> **Records provided**:

+ + + +

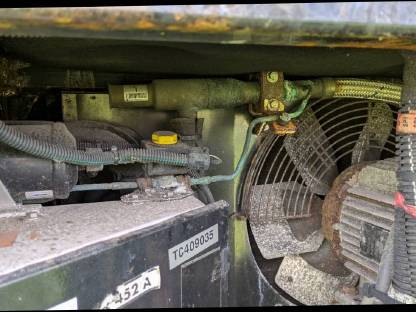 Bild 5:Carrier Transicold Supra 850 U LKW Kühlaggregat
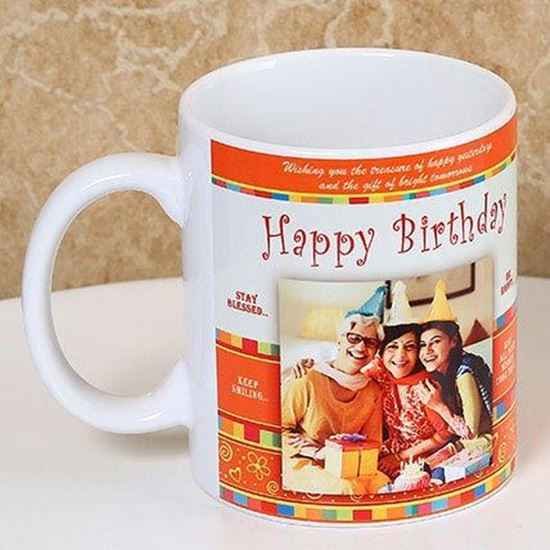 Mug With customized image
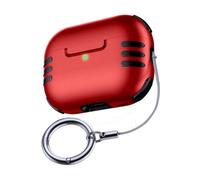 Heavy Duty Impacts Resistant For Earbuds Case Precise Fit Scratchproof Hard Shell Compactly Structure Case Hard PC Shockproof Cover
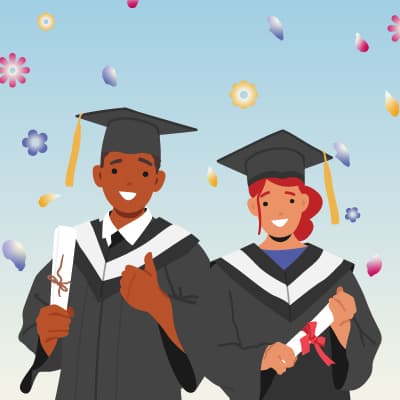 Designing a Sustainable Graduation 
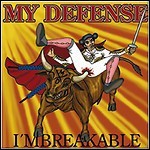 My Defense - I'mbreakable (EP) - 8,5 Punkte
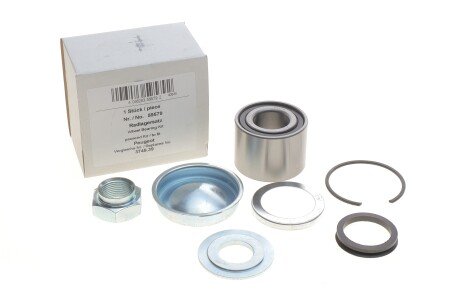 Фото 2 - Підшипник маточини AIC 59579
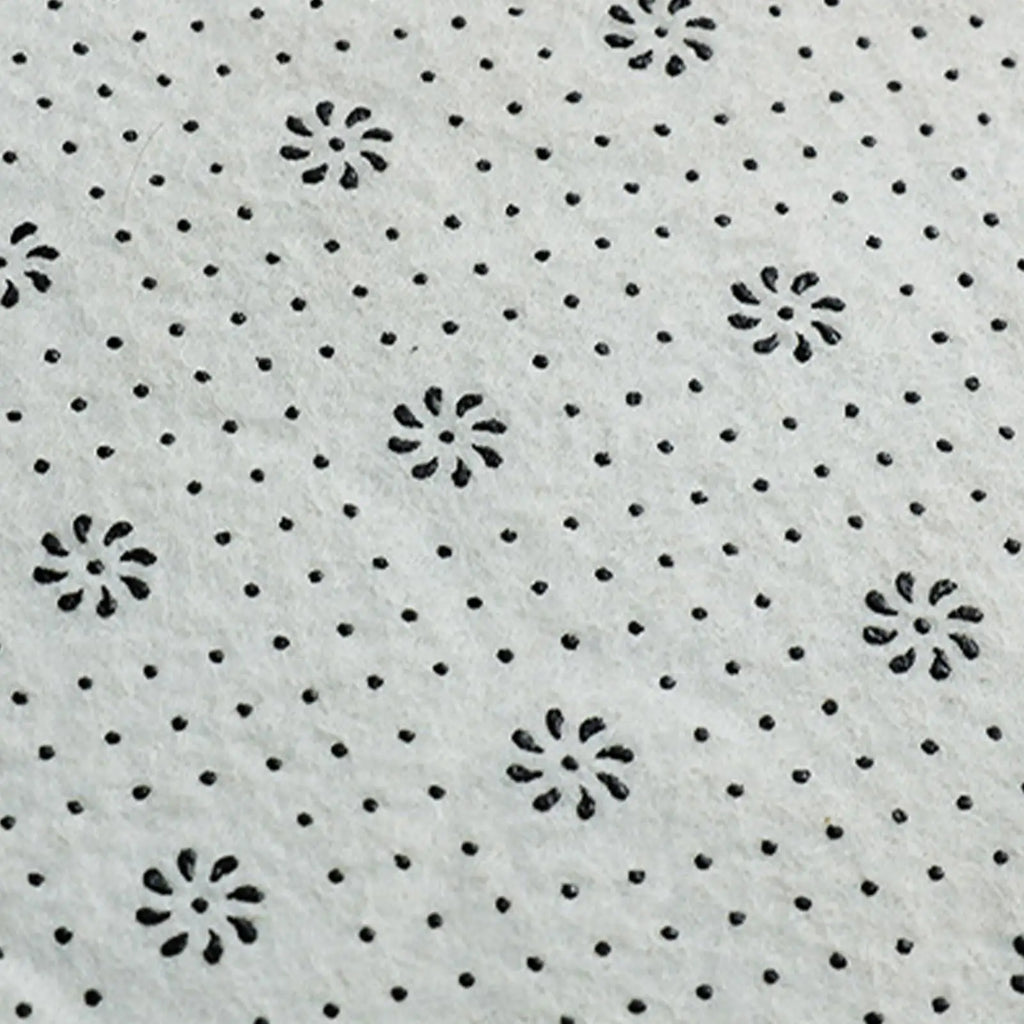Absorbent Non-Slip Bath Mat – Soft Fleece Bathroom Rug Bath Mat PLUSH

+ + + +

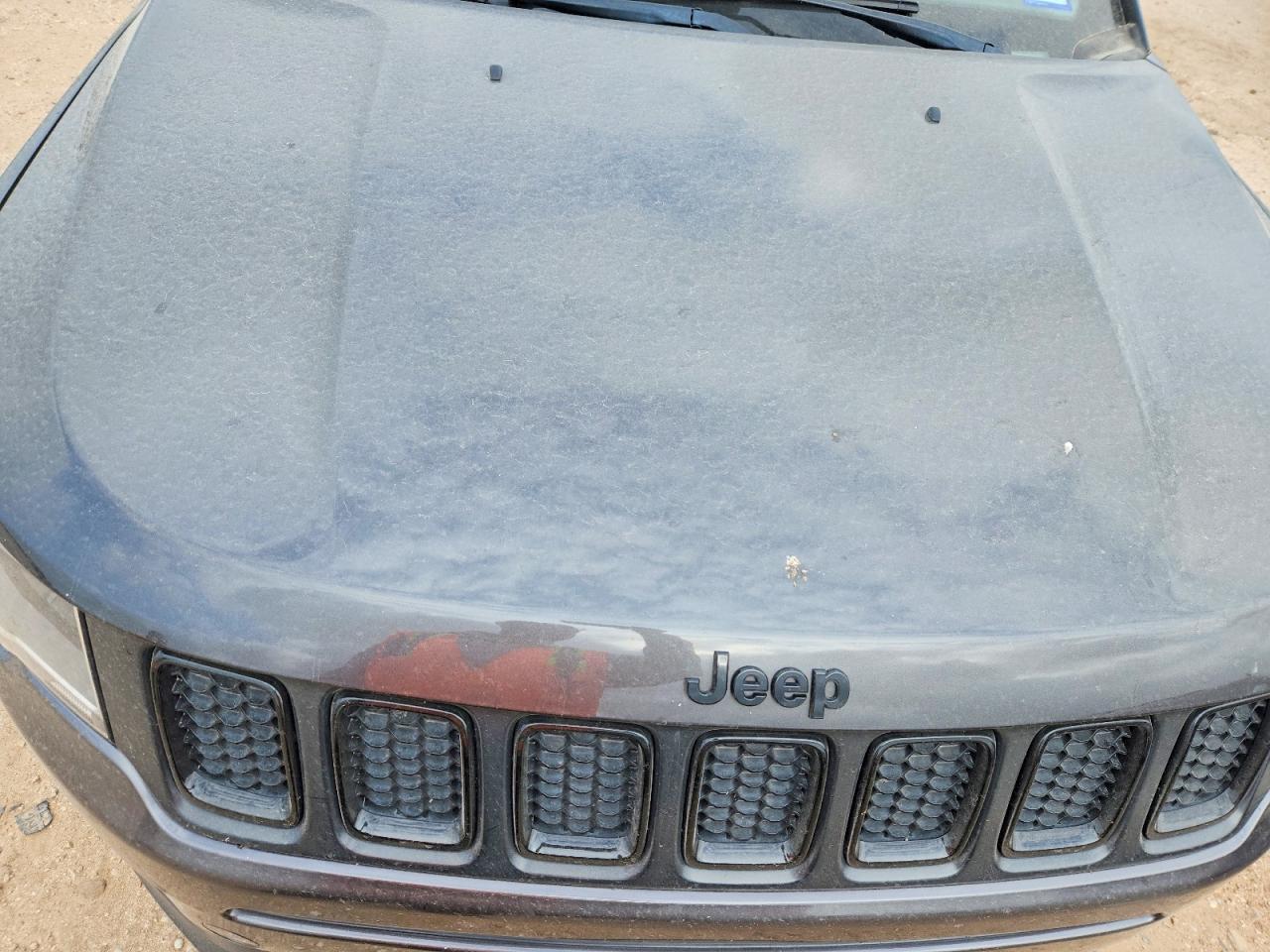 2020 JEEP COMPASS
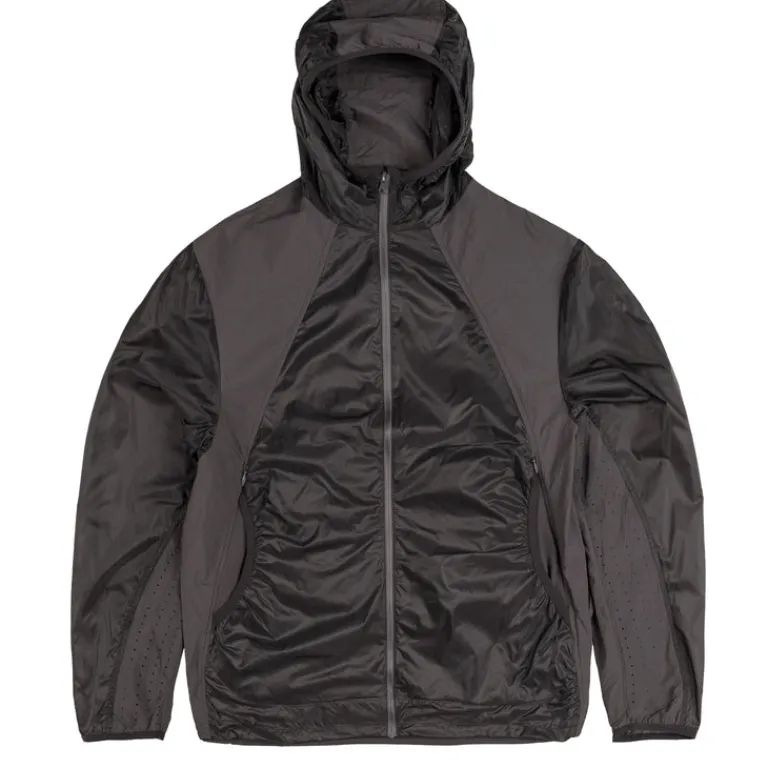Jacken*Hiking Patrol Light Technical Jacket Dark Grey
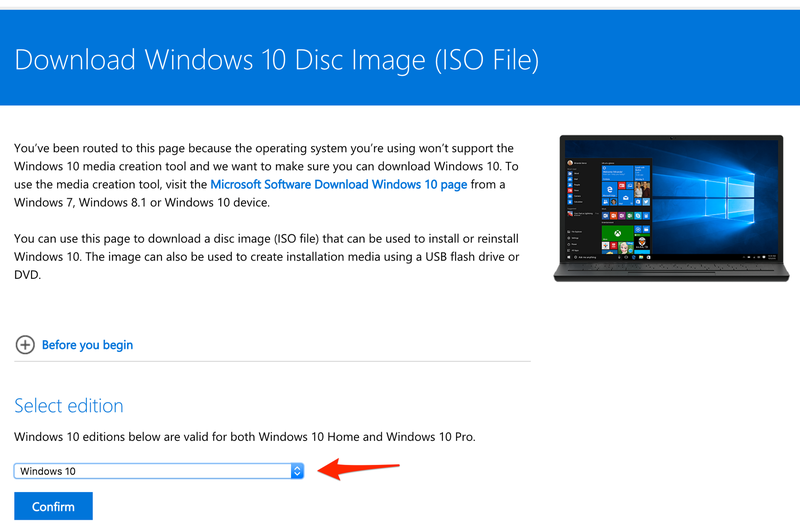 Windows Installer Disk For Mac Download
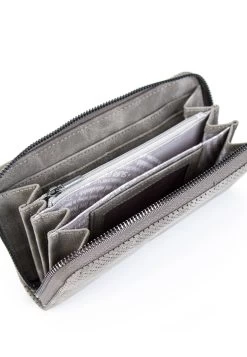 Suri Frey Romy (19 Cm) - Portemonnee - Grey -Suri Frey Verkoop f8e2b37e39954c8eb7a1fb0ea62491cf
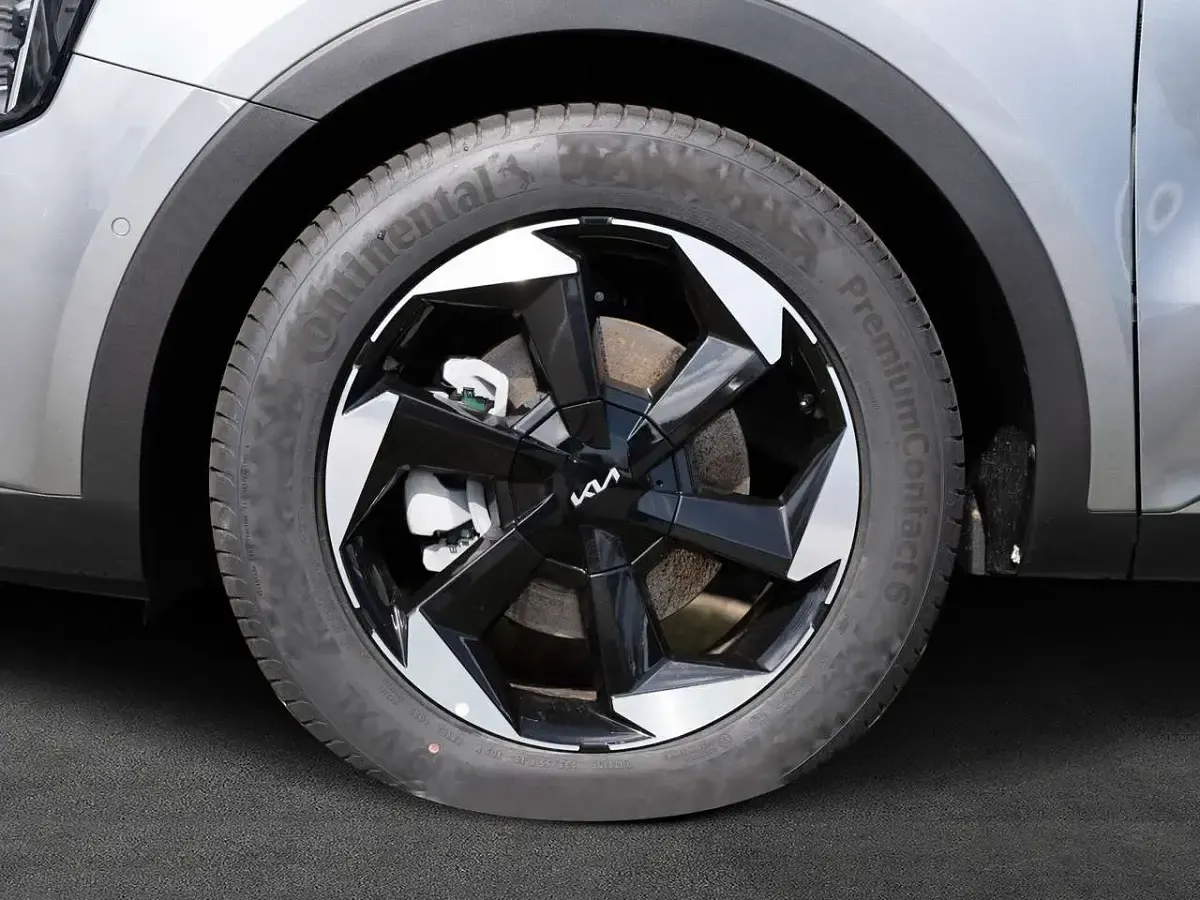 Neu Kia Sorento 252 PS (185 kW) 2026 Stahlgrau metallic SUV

+ + + +

Write back word for word every line in the entries above from the one with "Bild 5:Carrier Transicold" to the one with "Absorbent Non-Slip Bath", ends included, and none of the pictures.

 Bild 5:Carrier Transicold Supra 850 U LKW Kühlaggregat
 Mug With customized image
 Heavy Duty Impacts Resistant For Earbuds Case Precise Fit Scratchproof Hard Shell Compactly Structure Case Hard PC Shockproof Cover
 Designing a Sustainable Graduation 
 My Defense - I'mbreakable (EP) - 8,5 Punkte
 Фото 2 - Підшипник маточини AIC 59579
Absorbent Non-Slip Bath Mat – Soft Fleece Bathroom Rug Bath Mat PLUSH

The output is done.